> _Supplied entries_:
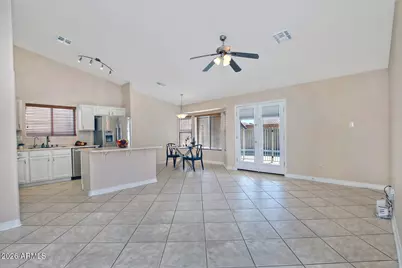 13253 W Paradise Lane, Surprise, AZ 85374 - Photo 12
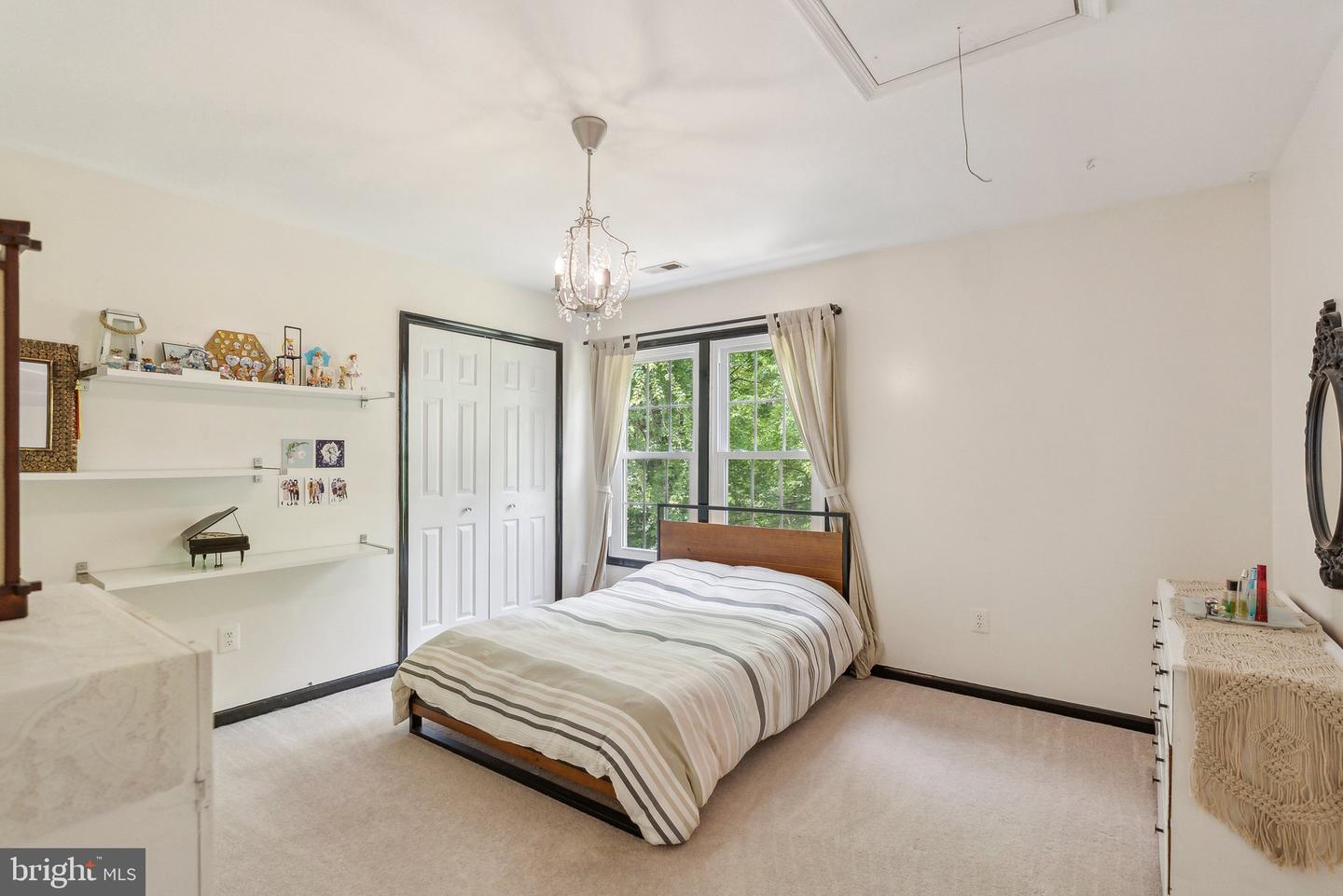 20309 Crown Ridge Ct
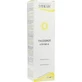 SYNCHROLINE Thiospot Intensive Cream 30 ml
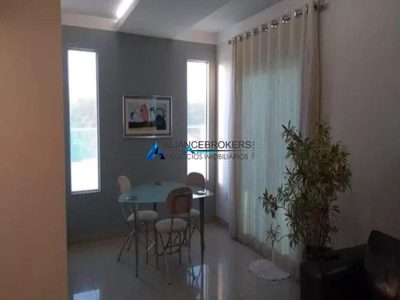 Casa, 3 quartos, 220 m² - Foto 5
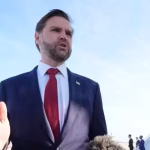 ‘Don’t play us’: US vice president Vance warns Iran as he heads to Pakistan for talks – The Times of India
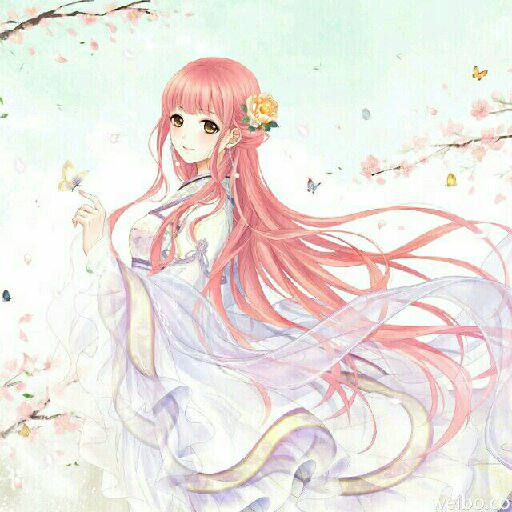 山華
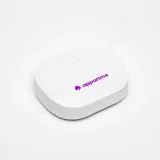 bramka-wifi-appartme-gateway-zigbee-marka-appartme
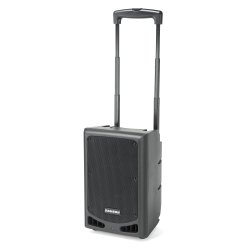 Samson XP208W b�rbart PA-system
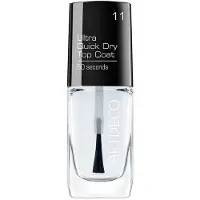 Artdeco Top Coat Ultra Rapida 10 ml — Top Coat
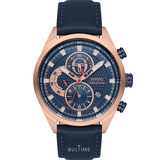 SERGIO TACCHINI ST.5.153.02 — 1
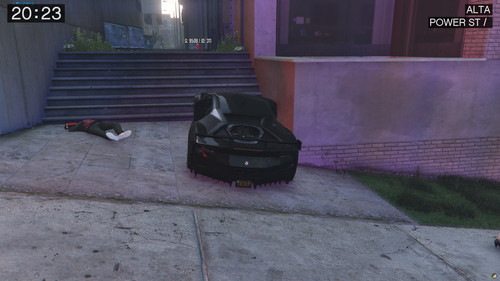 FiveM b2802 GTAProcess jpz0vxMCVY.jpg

* * *

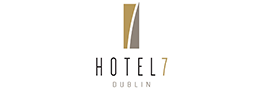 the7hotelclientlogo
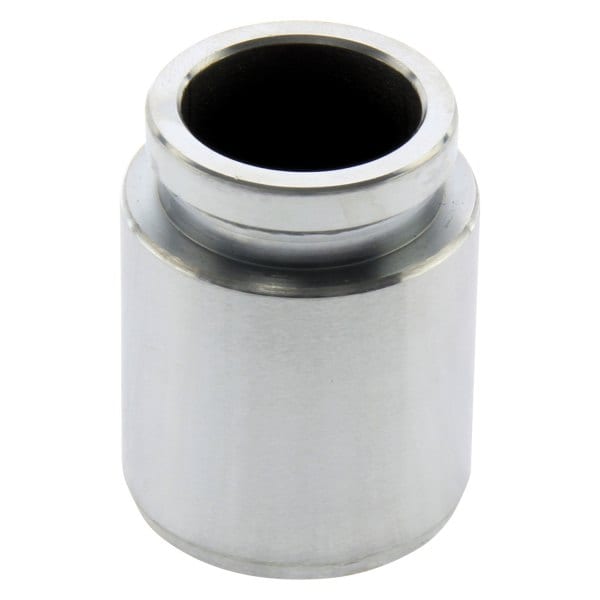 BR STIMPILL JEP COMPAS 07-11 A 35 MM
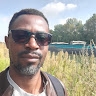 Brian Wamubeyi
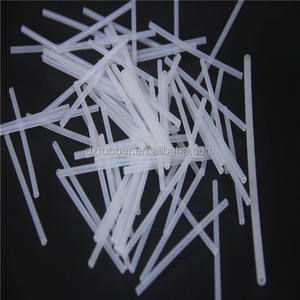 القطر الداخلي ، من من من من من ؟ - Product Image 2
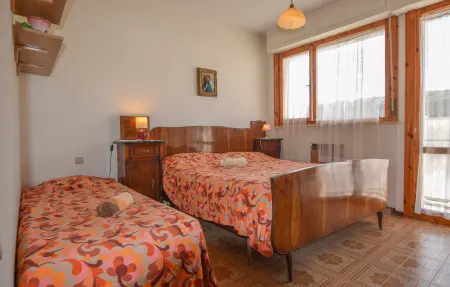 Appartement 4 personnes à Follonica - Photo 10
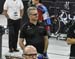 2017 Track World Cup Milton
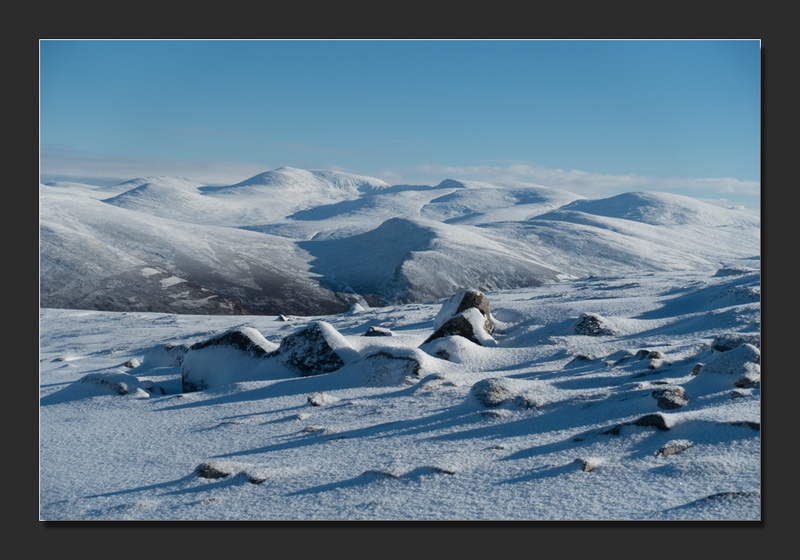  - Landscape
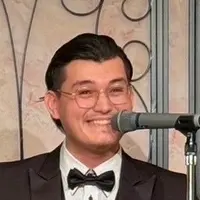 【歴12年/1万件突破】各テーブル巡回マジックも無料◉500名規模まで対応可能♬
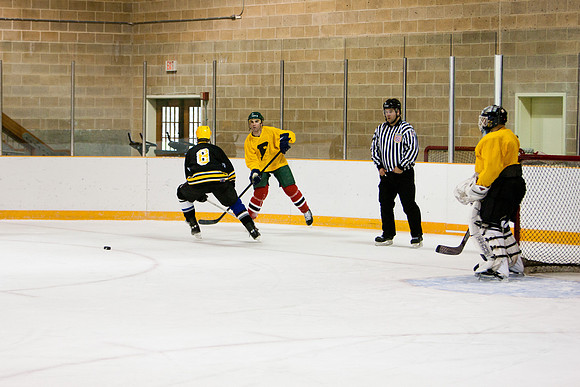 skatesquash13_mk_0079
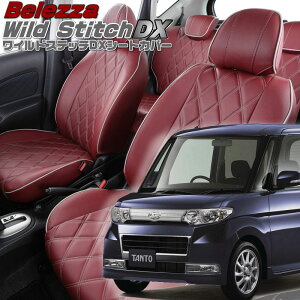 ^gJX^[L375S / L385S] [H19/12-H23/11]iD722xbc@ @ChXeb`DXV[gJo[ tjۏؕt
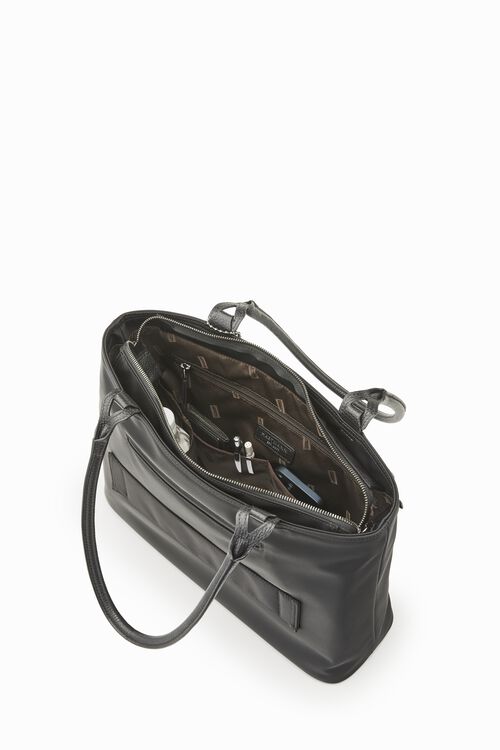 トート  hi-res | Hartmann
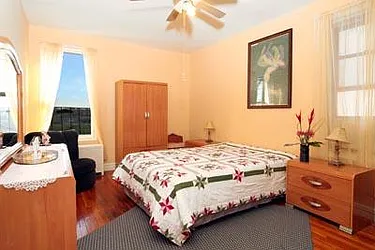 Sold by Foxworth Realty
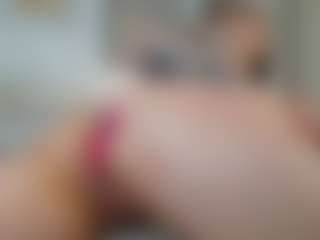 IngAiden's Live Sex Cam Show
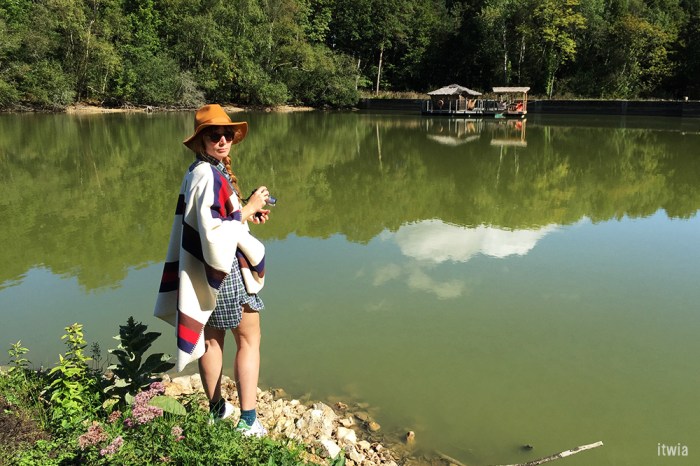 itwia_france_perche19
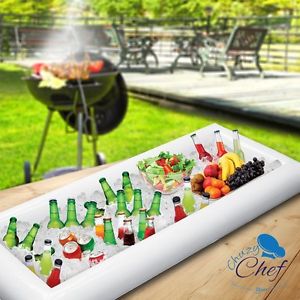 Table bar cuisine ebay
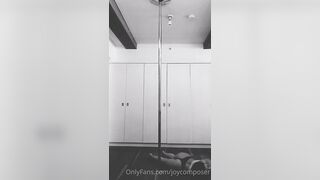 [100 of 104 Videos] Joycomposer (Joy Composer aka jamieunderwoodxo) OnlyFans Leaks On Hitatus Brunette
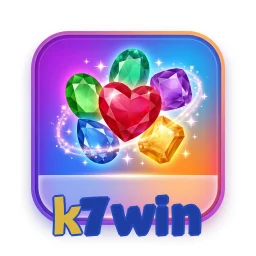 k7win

> _Problem details_:
Within the listing above, copy exactly the lines that start at the one with "SYNCHROLINE Thiospot Intensive Cream 30 ml" and continue through the one with "FiveM b2802 GTAProcess jpz0vxMCVY.jpg". Omit pictures.

> _Exercise solution_:
 SYNCHROLINE Thiospot Intensive Cream 30 ml
 Casa, 3 quartos, 220 m² - Foto 5
 ‘Don’t play us’: US vice president Vance warns Iran as he heads to Pakistan for talks – The Times of India
 山華
 bramka-wifi-appartme-gateway-zigbee-marka-appartme
 Samson XP208W b�rbart PA-system
 Artdeco Top Coat Ultra Rapida 10 ml — Top Coat
 SERGIO TACCHINI ST.5.153.02 — 1
 FiveM b2802 GTAProcess jpz0vxMCVY.jpg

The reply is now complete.